Instructions to follow
Transcribe word for word the lines below from the line with "1019 HOWARD RD, Warminster, PA 18974" through the line with "ses mains. La", ends included.

==============================

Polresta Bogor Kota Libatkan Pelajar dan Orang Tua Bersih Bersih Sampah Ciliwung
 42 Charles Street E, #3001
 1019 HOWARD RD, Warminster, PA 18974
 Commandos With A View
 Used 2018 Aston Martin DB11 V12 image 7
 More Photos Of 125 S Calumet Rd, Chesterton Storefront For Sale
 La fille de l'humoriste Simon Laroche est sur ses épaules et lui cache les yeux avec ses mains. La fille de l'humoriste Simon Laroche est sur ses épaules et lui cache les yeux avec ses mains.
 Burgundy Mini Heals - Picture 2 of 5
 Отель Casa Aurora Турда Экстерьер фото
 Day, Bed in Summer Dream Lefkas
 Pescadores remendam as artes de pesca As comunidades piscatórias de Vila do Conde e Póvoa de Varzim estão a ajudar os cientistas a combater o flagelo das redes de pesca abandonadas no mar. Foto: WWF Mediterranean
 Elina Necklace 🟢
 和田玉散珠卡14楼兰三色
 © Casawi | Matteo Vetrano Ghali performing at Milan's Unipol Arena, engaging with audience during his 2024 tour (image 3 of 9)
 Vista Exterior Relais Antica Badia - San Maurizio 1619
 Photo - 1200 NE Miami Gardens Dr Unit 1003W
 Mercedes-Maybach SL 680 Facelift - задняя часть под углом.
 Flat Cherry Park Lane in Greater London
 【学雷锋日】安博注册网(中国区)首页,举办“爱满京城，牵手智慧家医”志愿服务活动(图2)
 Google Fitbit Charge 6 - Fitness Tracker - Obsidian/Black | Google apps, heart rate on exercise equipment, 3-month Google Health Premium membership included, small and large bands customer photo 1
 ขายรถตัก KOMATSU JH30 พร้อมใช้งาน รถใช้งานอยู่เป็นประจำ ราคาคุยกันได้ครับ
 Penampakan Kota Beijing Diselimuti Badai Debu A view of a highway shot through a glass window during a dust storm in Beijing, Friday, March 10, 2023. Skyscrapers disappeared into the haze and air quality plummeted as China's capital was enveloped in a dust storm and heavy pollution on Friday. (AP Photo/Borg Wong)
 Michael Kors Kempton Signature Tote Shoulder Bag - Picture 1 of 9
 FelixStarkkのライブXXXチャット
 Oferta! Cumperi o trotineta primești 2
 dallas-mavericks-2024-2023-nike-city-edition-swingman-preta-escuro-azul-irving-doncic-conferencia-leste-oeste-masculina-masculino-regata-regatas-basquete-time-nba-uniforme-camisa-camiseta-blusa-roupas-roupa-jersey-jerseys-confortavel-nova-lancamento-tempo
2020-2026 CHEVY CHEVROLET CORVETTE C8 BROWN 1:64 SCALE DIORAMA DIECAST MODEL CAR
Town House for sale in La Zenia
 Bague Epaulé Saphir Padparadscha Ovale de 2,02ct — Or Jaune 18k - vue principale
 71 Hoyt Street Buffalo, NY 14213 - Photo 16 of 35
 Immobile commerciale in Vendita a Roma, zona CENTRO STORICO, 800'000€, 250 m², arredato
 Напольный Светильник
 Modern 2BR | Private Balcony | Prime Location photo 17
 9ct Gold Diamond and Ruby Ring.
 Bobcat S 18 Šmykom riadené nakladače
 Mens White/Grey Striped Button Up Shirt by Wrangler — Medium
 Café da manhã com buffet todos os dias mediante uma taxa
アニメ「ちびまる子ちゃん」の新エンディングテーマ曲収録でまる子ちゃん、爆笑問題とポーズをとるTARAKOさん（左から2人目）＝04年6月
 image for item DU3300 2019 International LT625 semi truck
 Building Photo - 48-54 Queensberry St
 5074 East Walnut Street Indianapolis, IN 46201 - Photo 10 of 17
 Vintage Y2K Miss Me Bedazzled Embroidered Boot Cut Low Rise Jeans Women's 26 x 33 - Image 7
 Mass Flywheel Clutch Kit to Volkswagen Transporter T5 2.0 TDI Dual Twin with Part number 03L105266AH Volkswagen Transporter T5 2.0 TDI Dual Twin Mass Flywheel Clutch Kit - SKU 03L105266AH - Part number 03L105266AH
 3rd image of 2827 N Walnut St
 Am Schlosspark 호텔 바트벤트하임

==============================

Answer box
 1019 HOWARD RD, Warminster, PA 18974
 Commandos With A View
 Used 2018 Aston Martin DB11 V12 image 7
 More Photos Of 125 S Calumet Rd, Chesterton Storefront For Sale
 La fille de l'humoriste Simon Laroche est sur ses épaules et lui cache les yeux avec ses mains. La fille de l'humoriste Simon Laroche est sur ses épaules et lui cache les yeux avec ses mains.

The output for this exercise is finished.